Monday, September 22, 2008

Lessons from the Financial Crisis

Yes, Grasshopper, the erosion of your stock portfolio holds valuable lessons that you can apply to recover all that money that you have lost. No, this is not a post on investment strategies — although I would encourage you by all means to get advice on that from a reputable source— instead, I want you to learn how the market's ups and downs are similar to vulnerabilities in the applications you develop.

Wall street has often been compared to a "well-oiled machine" but that is an analogy that does not quite match our line of work. As an application, it is not difficult to see the parallels. Just as as in any enterprise application, financial markets have
✎ Users with different levels of access and privileges : traders, directors, investors, etc.
✎ Different types of data such as stocks, bonds, futures, cash.
✎ Operating modes like day trading, overnight activity, etc.
✎ Metrics or indices such as the Dow Jones Industrial Average, NASDAQ, etc


Just like with any application, the amounts and types of data fluctuate. User actions are unpredictable and the metrics are unpredictable. Despite all the alarming headlines, the financial markets have an outstanding record of correcting themselves. As applications go, Wall Street, with its numerous fail-safe mechanisms, has had an outstanding uptime record — name another application whose latest major malfunction was in 1987.

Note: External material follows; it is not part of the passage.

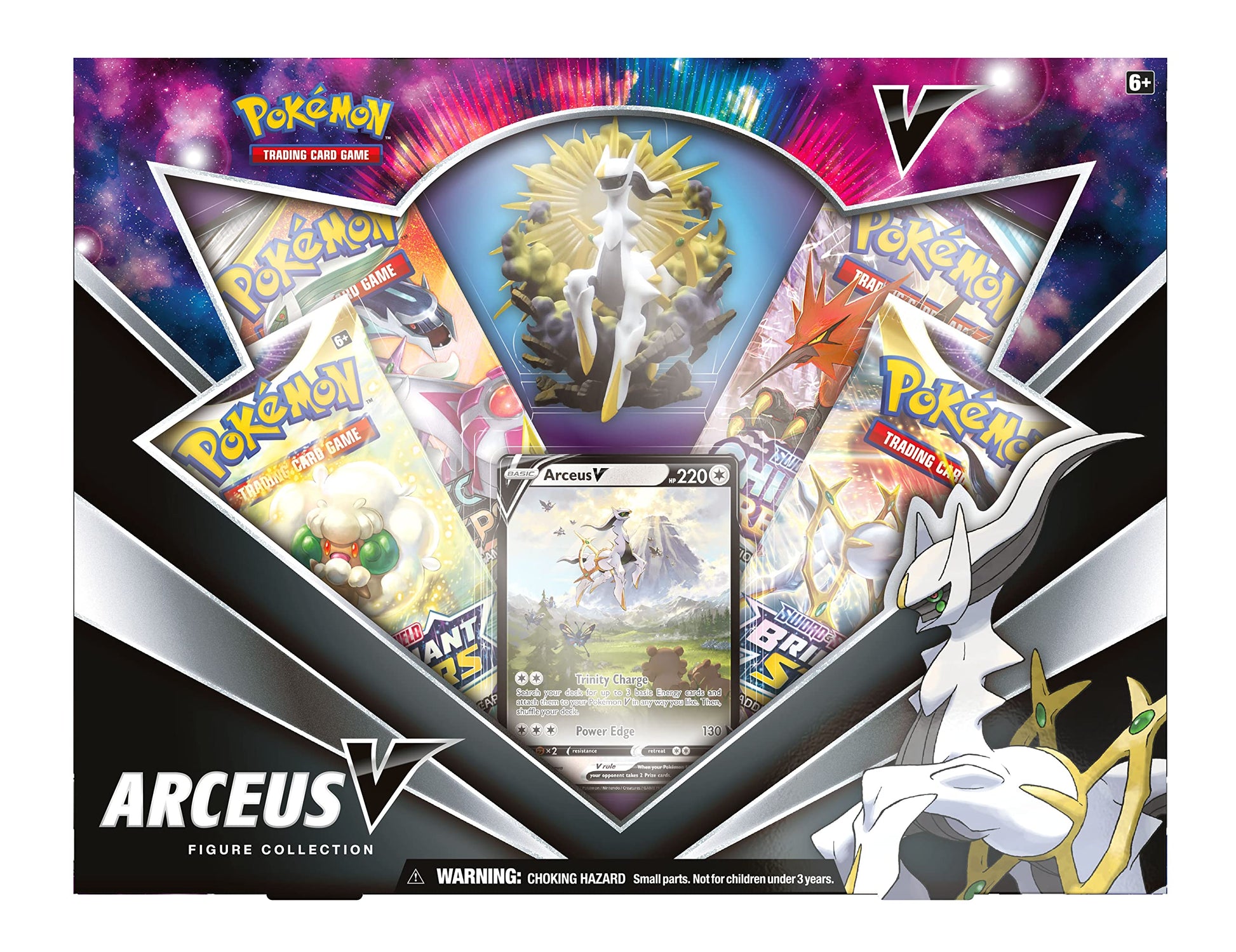 Pokemon TCG: Arceus V Figure Collection Box - 7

Speaking of high availability, another very real application that has been very much online since its launch has been Google — which, by the way, has made tons of money on Wall Street, but that's a whole other story. Google's vice president of engineering has stated that the secret of their success has been failure.

You will say, but Google is doing everything but failing and you would be wrong. Google is managing failure to it's advantage. When failure is managed it becomes unqualified success. Apart from it's many projects in every area known to humanity, Google is at heart a data management company — OK, a search company — that deals with the challenge of storing and using large amounts of data despite the very real possibilities of disk, software, power or human failure.

Most companies cobble together a data center and pray nothing falls apart. Google, on the other hand, deploys a server farm and waits tools in hand to deal with the first failure to crop up. Their success in the data center stems from a realistic acceptance of Murphy's Law. A very homey and appropriate analogy would be tending to a baby; you know you are going to have to change diapers so why not stock up.

Why isn't this mindset more widespread in the IT community. Why does Google stand alone on an island of reliability surrounded by an ocean mediocrity? In the software world, especially, why do we continue to design and write software as if everything will always work as expected as if everything else in life did?

Based on experiences and observations I have been able to identify four possible reasons:

  1. Backup plans are a tough sell with management.

  2. Lack of foresight.

  3. Laziness.

  4. The belief that we can scam our way out of this one.


Let's examine each and see how we can deal with it.

Backup plans are a tough sell with management
In an environment where managers seem to do everything quarter to quarter, any plan that deals with long term stability is not easy to get funding for. However, before we hurry to heap all the blame on the suits, let's see why we may have failed to get them on board with our disaster recovery plans.

A good place to start is to go outside of the IT department — a very refreshing thing to do; you should try it sometimes. Lets take a look at the carpenter who is building the new bookshelf in the CFO's office. Notice his/her little "disaster recovery plan" expressed as steel reinforcements strategically hidden from view or jumbo size rivets. Notice how the shelves are double layered with extra columnar support to handle the extra weight of numerous hard-bound volumes. Notice the extra layer of lacker being applied so that it will resist casual scratches and retain its luster several CFO's down the road.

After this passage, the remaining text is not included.